_RECORDS SHOWN:_
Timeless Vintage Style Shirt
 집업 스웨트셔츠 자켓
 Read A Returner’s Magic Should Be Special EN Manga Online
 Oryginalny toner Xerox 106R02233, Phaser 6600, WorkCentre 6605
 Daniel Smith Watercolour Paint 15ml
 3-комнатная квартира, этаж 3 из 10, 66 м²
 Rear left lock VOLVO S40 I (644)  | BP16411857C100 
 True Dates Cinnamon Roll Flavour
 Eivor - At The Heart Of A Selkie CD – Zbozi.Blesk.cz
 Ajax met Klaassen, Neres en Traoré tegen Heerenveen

_YOUR ASSIGNMENT:_
A faithful, complete copy of the entries above is required.

_EXPECTED ANSWER:_
Timeless Vintage Style Shirt
 집업 스웨트셔츠 자켓
 Read A Returner’s Magic Should Be Special EN Manga Online
 Oryginalny toner Xerox 106R02233, Phaser 6600, WorkCentre 6605
 Daniel Smith Watercolour Paint 15ml
 3-комнатная квартира, этаж 3 из 10, 66 м²
 Rear left lock VOLVO S40 I (644)  | BP16411857C100 
 True Dates Cinnamon Roll Flavour
 Eivor - At The Heart Of A Selkie CD – Zbozi.Blesk.cz
 Ajax met Klaassen, Neres en Traoré tegen Heerenveen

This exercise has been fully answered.